» WHAT THE TASK ASKS:
Write every line of the material again exactly, with no pictures in the copy.

» INPUT RECORDS:
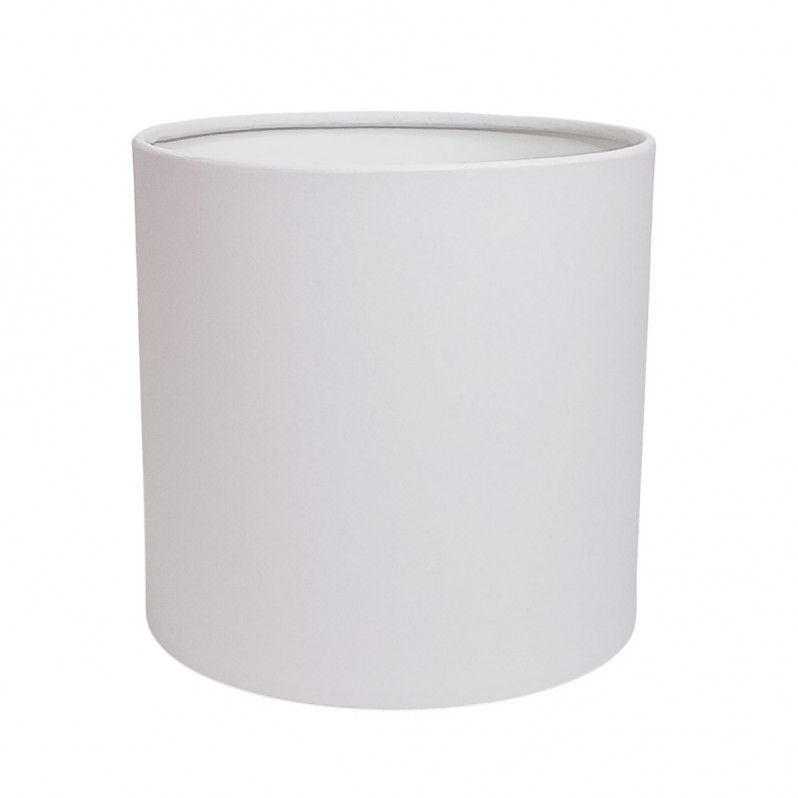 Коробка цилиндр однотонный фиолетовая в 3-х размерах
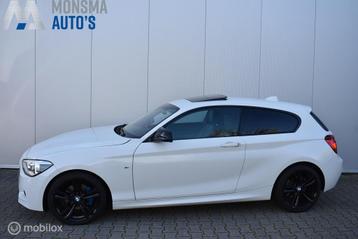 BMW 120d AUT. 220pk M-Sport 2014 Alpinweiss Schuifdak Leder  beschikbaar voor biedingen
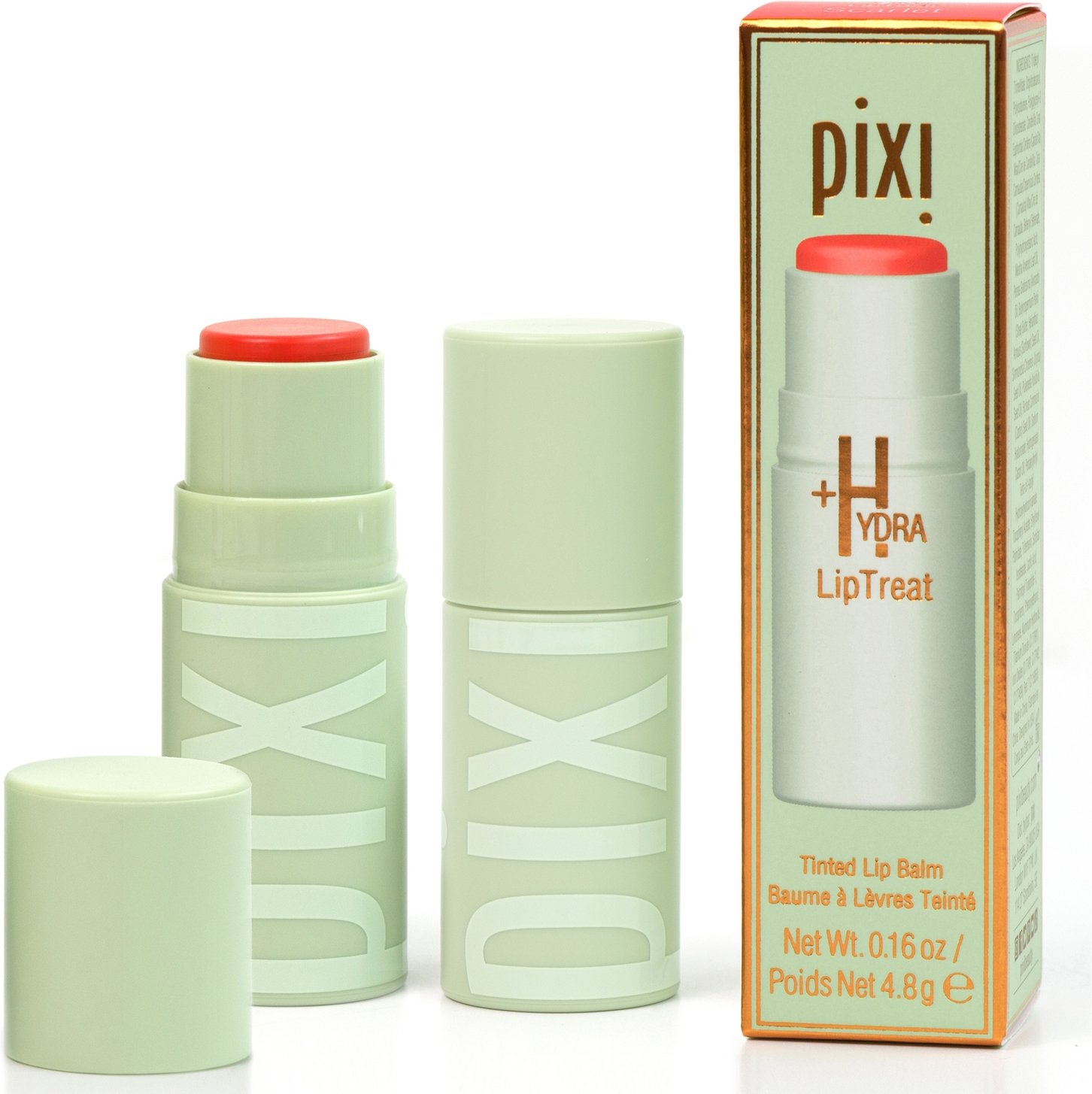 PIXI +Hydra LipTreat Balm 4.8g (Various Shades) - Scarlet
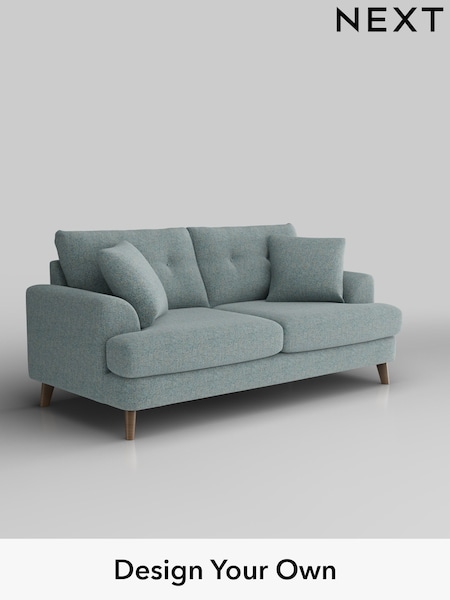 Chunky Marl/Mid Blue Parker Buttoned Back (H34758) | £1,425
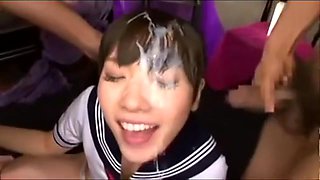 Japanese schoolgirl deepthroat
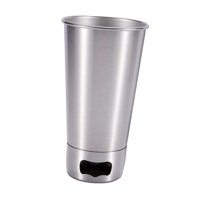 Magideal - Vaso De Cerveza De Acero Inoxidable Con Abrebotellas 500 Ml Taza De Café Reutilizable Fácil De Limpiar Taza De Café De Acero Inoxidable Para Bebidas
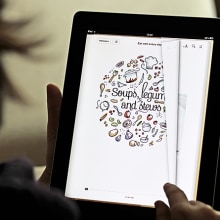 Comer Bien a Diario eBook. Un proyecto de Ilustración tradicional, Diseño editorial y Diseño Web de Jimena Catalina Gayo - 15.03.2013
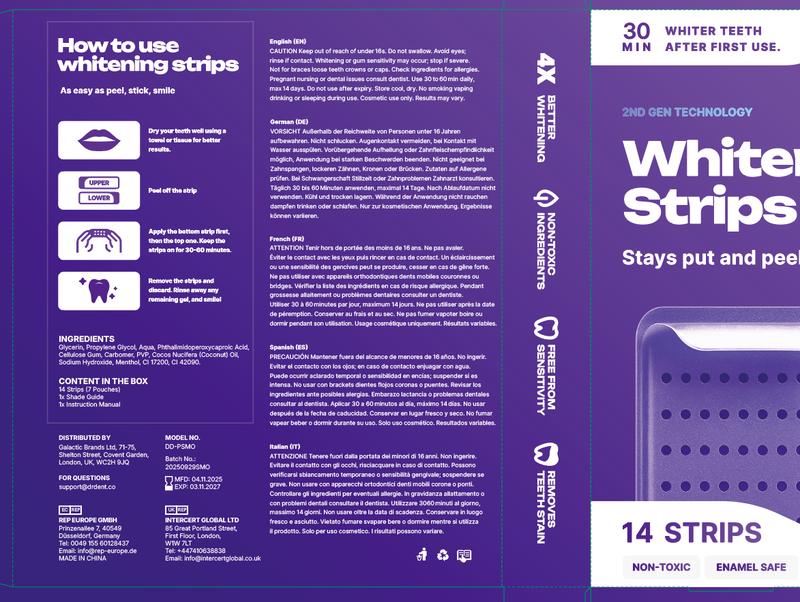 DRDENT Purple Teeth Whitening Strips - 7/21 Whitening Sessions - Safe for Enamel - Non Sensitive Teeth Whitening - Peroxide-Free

» OUTPUT FOR THIS EXERCISE:
 Коробка цилиндр однотонный фиолетовая в 3-х размерах
 BMW 120d AUT. 220pk M-Sport 2014 Alpinweiss Schuifdak Leder  beschikbaar voor biedingen
 PIXI +Hydra LipTreat Balm 4.8g (Various Shades) - Scarlet
 Chunky Marl/Mid Blue Parker Buttoned Back (H34758) | £1,425
 Japanese schoolgirl deepthroat
 Magideal - Vaso De Cerveza De Acero Inoxidable Con Abrebotellas 500 Ml Taza De Café Reutilizable Fácil De Limpiar Taza De Café De Acero Inoxidable Para Bebidas
 Comer Bien a Diario eBook. Un proyecto de Ilustración tradicional, Diseño editorial y Diseño Web de Jimena Catalina Gayo - 15.03.2013
 DRDENT Purple Teeth Whitening Strips - 7/21 Whitening Sessions - Safe for Enamel - Non Sensitive Teeth Whitening - Peroxide-Free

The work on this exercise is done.